ABOUT THIS EXERCISE => Word for word, copy the data that follows and skip its pictures.

SUPPLIED DATA =>
· · · · · · ·
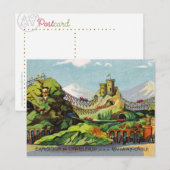 Postkarte der Exposition de Charleroi (Vorne/Hinten)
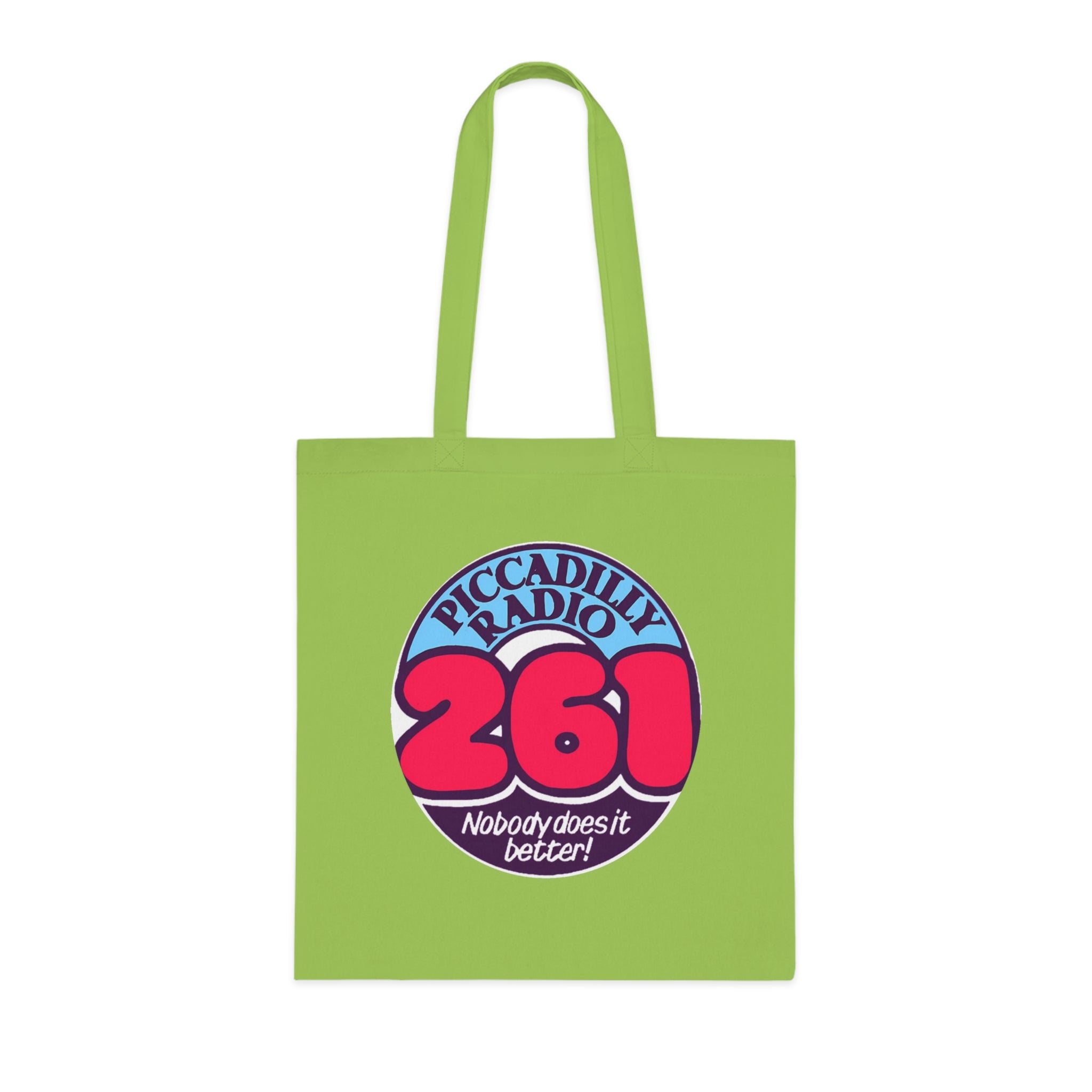 Piccadilly Radio 261 Retro Logo Tote Bag – 'Nobody Does It Better' Cotton Shopper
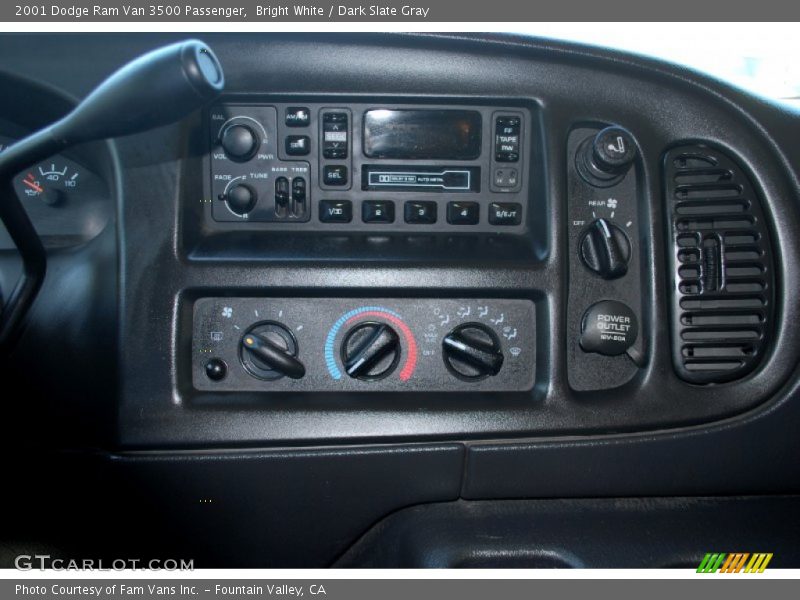 Controls of 2001 Ram Van 3500 Passenger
· · · · · · ·
ANSWER TO THIS PROBLEM =>
 Postkarte der Exposition de Charleroi (Vorne/Hinten)
 Piccadilly Radio 261 Retro Logo Tote Bag – 'Nobody Does It Better' Cotton Shopper
 Controls of 2001 Ram Van 3500 Passenger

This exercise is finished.